50N is typically used for a GF protection scheme that uses a single CT in the ground return connection of the transformer.
I have seen instances where the 50G and 50N designations have been used interchangeably, though.
RE: The advantage of a residual overcurrent relay vs a ground fault relay
I have made up a schematic of the three:
50N, 50G and 50GS. Is it correct?
http://i4
Maj
RE: The advantage of a residual overcurrent relay vs a ground fault relay
RE: The advantage of a residual overcurrent relay vs a ground fault relay
It trips the same ground fault sensor as pointed to by the 50GS Relay...
I didn't draw it in as it would an extra line going across the page... I just want to be sure I know the difference types of Ground Sensing Relay schematics and there labeling (50N, 50G and 50GS)
RE: The advantage of a residual overcurrent relay vs a ground fault relay
Here is the link again for convenience:
http://i4
RE: The advantage of a residual overcurrent relay vs a ground fault relay
A 50N or 50/51N could be in the residual connection, as you call a 50N; or it could be on the neutral-ground connection of a transformer or generator. With the relays I generally work with, a 50G or 50/51G is calculated residual inside a numeric relay as opposed to measuring the current in through the IN current terminals.

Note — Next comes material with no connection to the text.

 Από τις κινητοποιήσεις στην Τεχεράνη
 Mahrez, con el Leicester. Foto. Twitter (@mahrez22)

RE: The advantage of a residual overcurrent relay vs a ground fault relay
2) Low voltage breakers tend to have a separate CT around the neutral, and the output of that CT is added to the phase CTs inside the trip unit, so your 50N is closest to what goes on in LV breakers. However, I do not recall seeing the term 50x used when referring to the standard ground fault element in a low voltage circuit breaker. It is just called the ground fault element. Hence, your 50N is not a term used in the application you show, but it exists functionally in LV circuit breakers.
3) In some LV breaker applications, people want an extra sensitive ground fault element, so they buy LV breakers without the standard ground fault element and install a separate ground fault element that monitors a CT that wraps all 3 phases + the neutral. This is what you show as 50GS. I read the "GS" as "Ground-Sensitive" and I think that it is a satisfactory abbreviation.

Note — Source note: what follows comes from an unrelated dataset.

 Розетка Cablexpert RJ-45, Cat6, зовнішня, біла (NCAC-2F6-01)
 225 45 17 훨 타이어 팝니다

4) I prefer to say "3Io" when referring to the calculated residual current (Ia+Ib+Ic). This in turn means that in a system that carries a separate neutral that "ground" is Ia+Ib+Ic+In OR the output of a CT that wraps all 3 phase + neutral.
5) In medium voltage systems and relays, there is no true identifiable neutral current except at the neutral of xfmrs and generators, and the use of G vs N for ground is all over the map; they are almost interchangeably. You have to take it in context. However, I think the preponderance of cases tend to use N when referring to a) 3Io current or b) current in the neutral of a generator or xfmr, and G to refer to the current actually flowing in the ground.

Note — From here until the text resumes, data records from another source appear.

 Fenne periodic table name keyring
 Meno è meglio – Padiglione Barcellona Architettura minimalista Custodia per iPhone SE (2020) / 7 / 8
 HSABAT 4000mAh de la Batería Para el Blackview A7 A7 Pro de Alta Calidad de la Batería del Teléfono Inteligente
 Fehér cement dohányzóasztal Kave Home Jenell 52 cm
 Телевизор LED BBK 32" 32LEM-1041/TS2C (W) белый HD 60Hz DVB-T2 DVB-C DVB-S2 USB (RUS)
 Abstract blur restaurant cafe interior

6) Manufacturers of relays are not consistent on the use of N and G. The SEL321 and their earlier 121x and 221x relays used "N" to refer to 50 and 51 elements that respond to 3Io, but the SEL311x series they changed their mind and decided to use 50G and 51G for the same current. But even within the 311x relays, they label some of their 3Io fault detectors as 50Gx elements. I have seen the same inconsistency in other mfrs relay lines. Some relays are on the market that have the 3Io calculation and also have a separate 4th CT input, and I think they tend to use In for 3Io, and Ig for the 4th CT input. However, some mfrs refer to the 4th CT input as the "sensitive earth" current.
RE: The advantage of a residual overcurrent relay vs a ground fault relay
Saved in my reference directory. In the near future, I'm sure I will come across this again (time and time again.)
BTW, I got the info to make up my drawings from here:
http://polk-burnett.apogee.net/pd/dvprgo.asp
RE: The advantage of a residual overcurrent relay vs a ground fault relay
Note that your Polk-Burnett reference uses 50G differently than you did. This is the usage referenced by JensenDrive's 5)b).